WHAT TO DO :: Below are some entries. Transcribe the lines from the one holding "Başköy Senoz Çayeli Rize" to the one holding "Правильный корм для собаки: какой он?", inclusive, but not the pictures among them.

GIVEN ENTRIES ::
********************

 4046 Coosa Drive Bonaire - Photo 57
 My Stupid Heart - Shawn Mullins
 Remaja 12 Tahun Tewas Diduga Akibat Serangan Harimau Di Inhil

********************

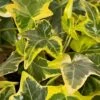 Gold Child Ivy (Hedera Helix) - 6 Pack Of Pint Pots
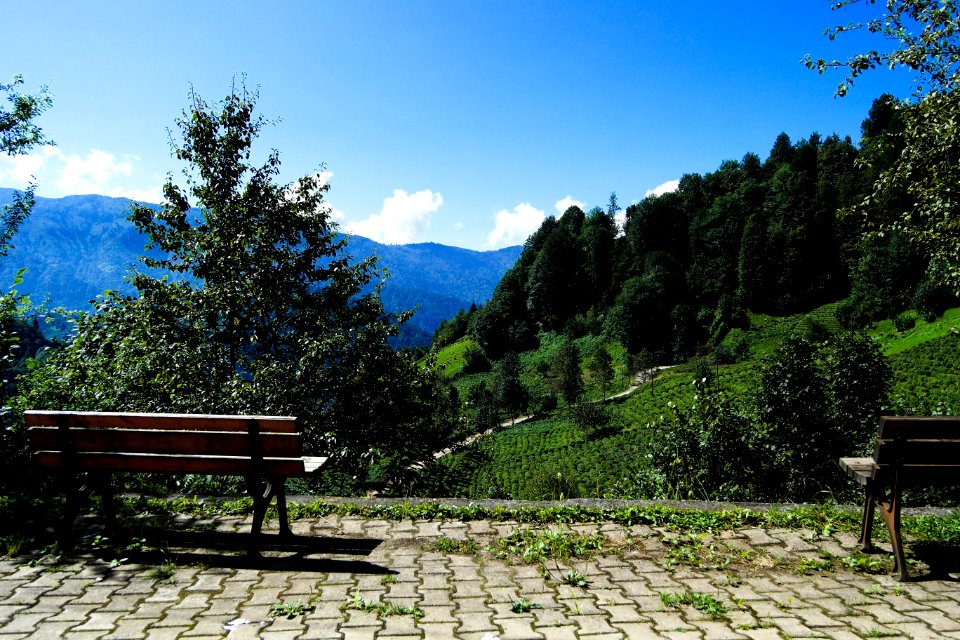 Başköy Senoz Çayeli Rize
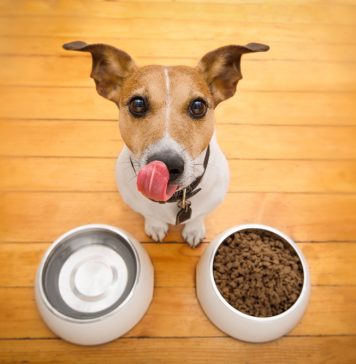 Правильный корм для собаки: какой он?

********************

FINAL ANSWER ::
 Başköy Senoz Çayeli Rize
 Правильный корм для собаки: какой он?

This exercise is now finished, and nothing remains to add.